For this study, data was analyzed from 1560 men and women between the ages of 67-84 years old who were selected at random in areas of Quebec, Canada who contributed data about their lifestyle, health, and diet to an ongoing study. Participants were re-examined annually for 3 years and followed for over four years to assess how on a large scale how nutrient intake associates with the aging process.
Aging and the age-related loss of homeostasis were quantified via the integration of blood markers, and the effects of diet used the geometric framework for nutrition apple to macronutrient and 19 micronutrient subclasses. A series of 8 models explored the different nutritional predictors, and the researchers adjusted for factors such as sex, smoking status, age, physical activity levels, income, education level, and a number of comorbidities.

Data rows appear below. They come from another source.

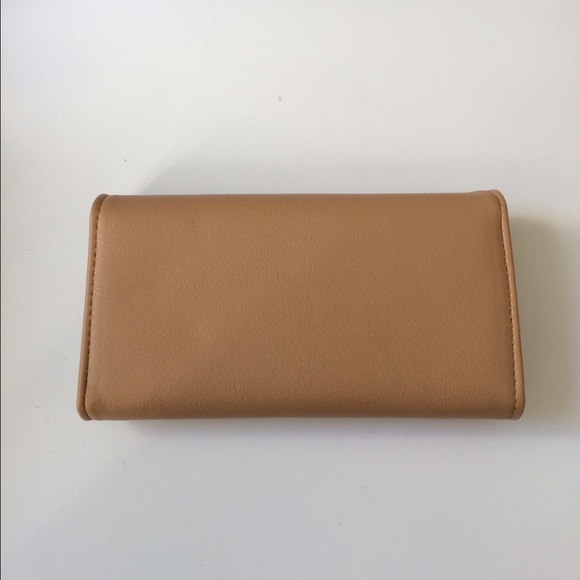 SOLD OUT - Picture 2 of 4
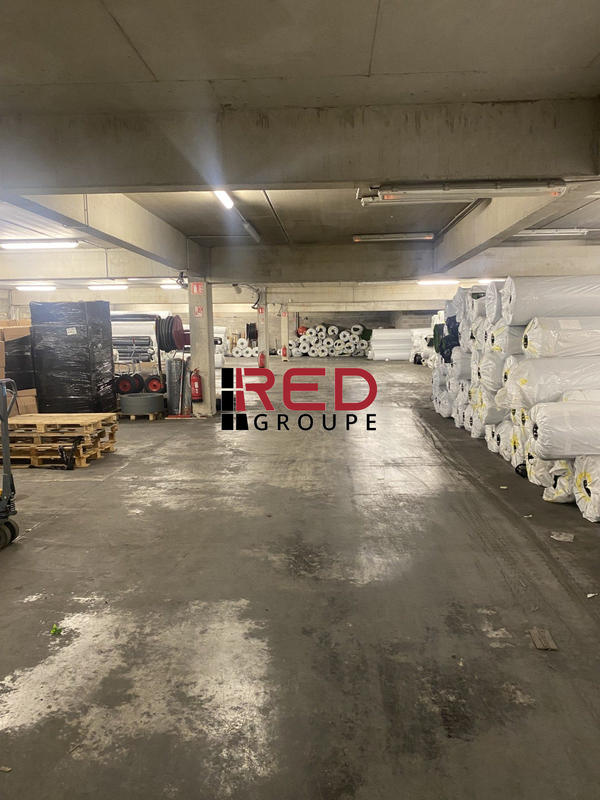 Entrepôt - 2 100 m²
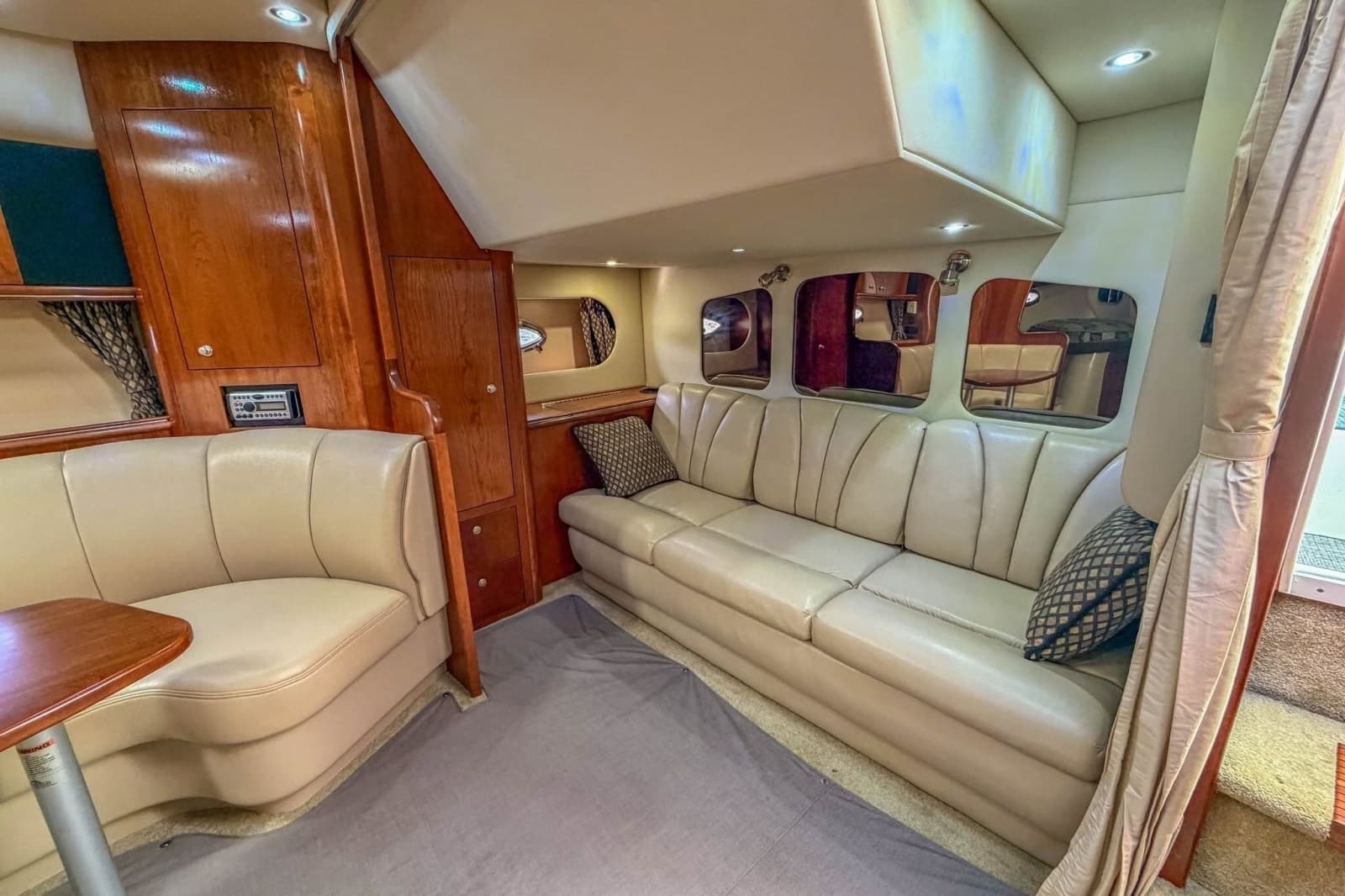 2005 Cruisers Yachts 370 Express - Photo 16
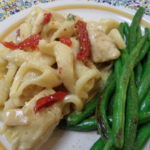 Chicken, Sundried Tomato and Basil Alfredo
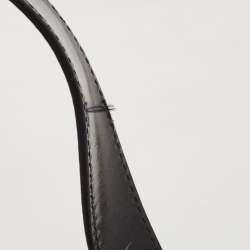 Pre Owned Burberry Black/Beige Supernova Coated Canvas and Patent Leather Drawstring Double Pocket Hobo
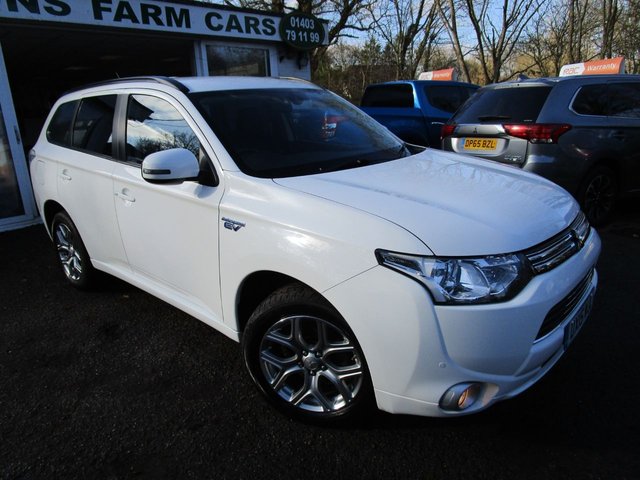 2015 15 Mitsubishi Outlander 2.0 PHEV GX 3H 5d PLUG-IN HYBRID AUTOMATIC 4x4 162 BHP FOUR WHEEL DRIVE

According to the researchers, 4 broad patterns were observed: 1. Optimum level of nutrient intake was dependent on the aging metric use. Increased protein intake improved some aging parameters while increased carbohydrate intake improved others. 2. Intermediate levels of nutrients performed well for many outcomes. 3. A broad tolerance for nutrient intake was observed that does not deviate too much from homeostatic plateaus. 4. The optimum level of one nutrient often depends on levels of another, and the researchers suggest that a simpler analytical approach would not be able to capture such associations.
“These results are not experimental and will need to be validated in other contexts. Specific findings, such as the salience of the combination of vitamin E and vitamin C, may well not replicate in other studies. But the qualitative finding that there are no simple answers to optimal nutrition is likely to hold up: it was evident in nearly all our analyses, from a wide variety of approaches, and is consistent with evolutionary principles and much previous work,” said Cohen.
Additionally, the researchers also developed an interactive tool that allows the users to explore how different combinations of 19 micronutrient variables affect the different aspects of aging such as oxygen transport dysregulation, liver/kidney function dysregulation, immune system dysregulation, lipid dysregulation, global physiological dysregulation, micronutrient dysregulation, phenotypic age, and Klemera-Doubal biological age. There is an emphasis on the effects of 3-way interaction between micronutrients, and visualized outcomes are composite health measures based on common biomarkers.
As with anything you read on the internet, this article should not be construed as medical advice; please talk to your doctor or primary care provider before changing your wellness routine. This article is not intended to provide medical diagnosis, advice, treatment, or endorsement.